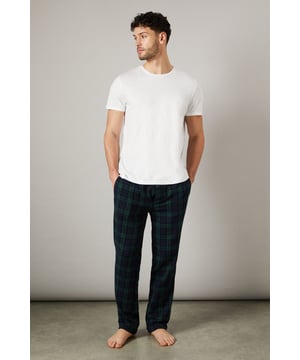 Navy Blackwatch Brushed Check Pyjama Bottoms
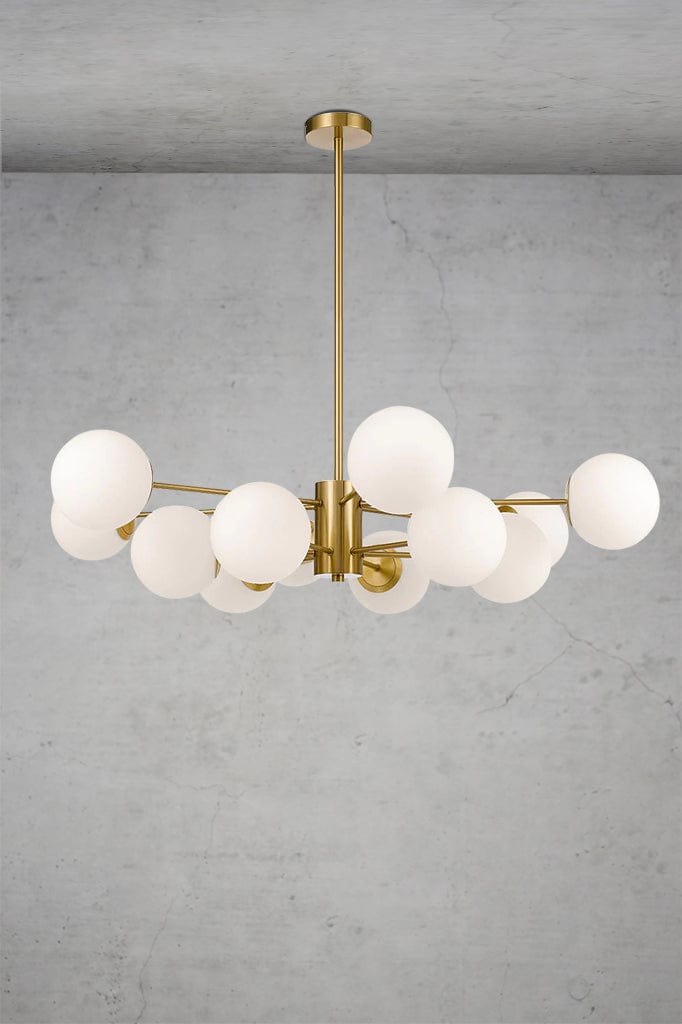 Banff Multi Light Pendant 12 light gold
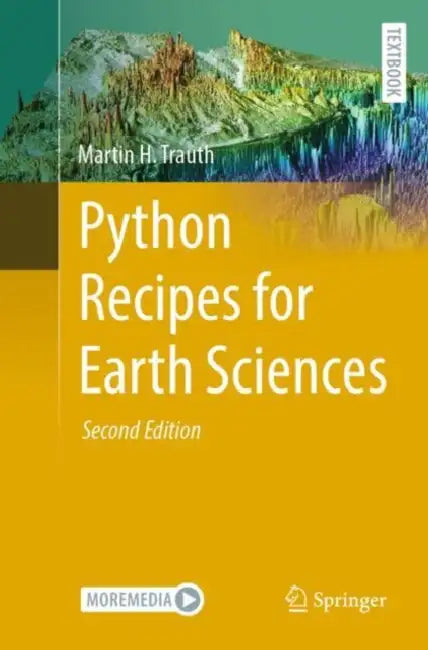 Python Recipes for Earth Sciences by Martin H. Trauth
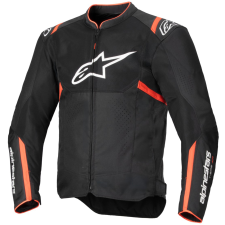 Alpinestars T-SPS Air V2 motoros kabát fekete-fluo piros motoros kabát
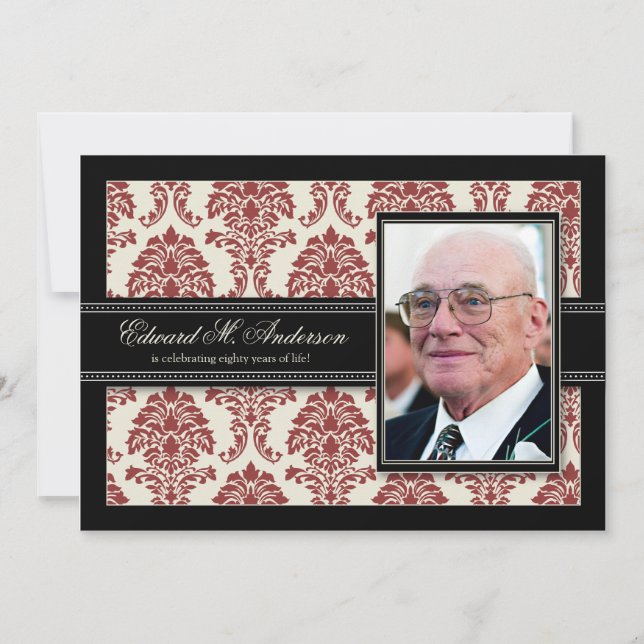 {TBA} Invitación de cumpleaños de Años de Oro a cu (Anverso)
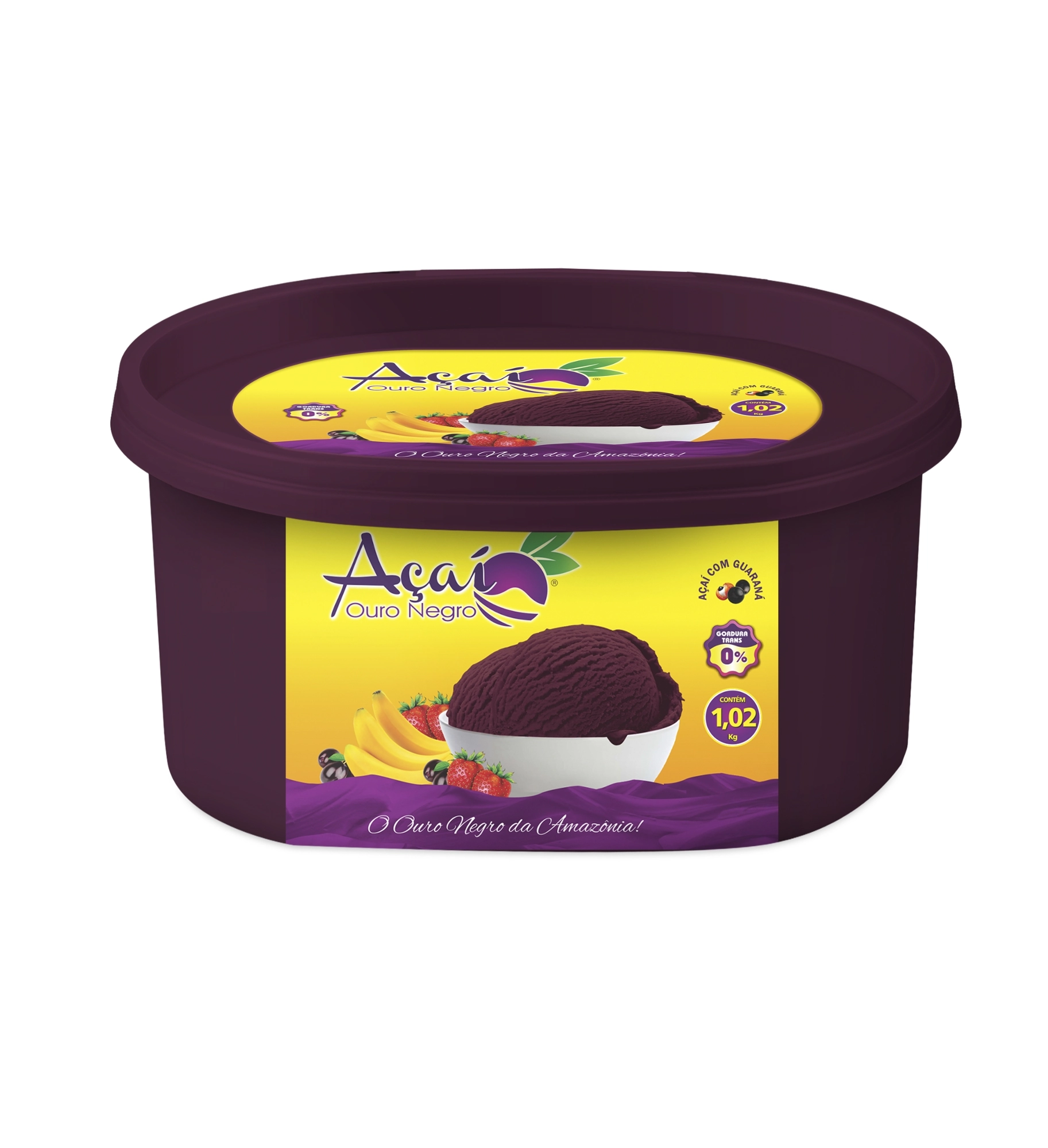 Acai Ouro Negro C/guarana 800g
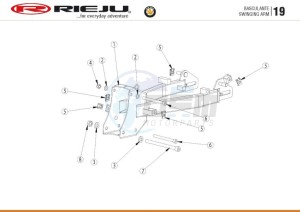 BYE-BIKE-WHITE drawing SWING ARM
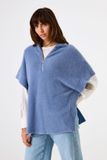 Garcia Dames Effen Trui Blauw Korte mouw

★ ★ ★ ★ ★

| Work task |
Now write out the data word for word, skipping every picture in it.

| Exercise output |
 Navy Blackwatch Brushed Check Pyjama Bottoms
 Banff Multi Light Pendant 12 light gold
 Python Recipes for Earth Sciences by Martin H. Trauth
 Alpinestars T-SPS Air V2 motoros kabát fekete-fluo piros motoros kabát
 {TBA} Invitación de cumpleaños de Años de Oro a cu (Anverso)
 Acai Ouro Negro C/guarana 800g
 BYE-BIKE-WHITE drawing SWING ARM
 Garcia Dames Effen Trui Blauw Korte mouw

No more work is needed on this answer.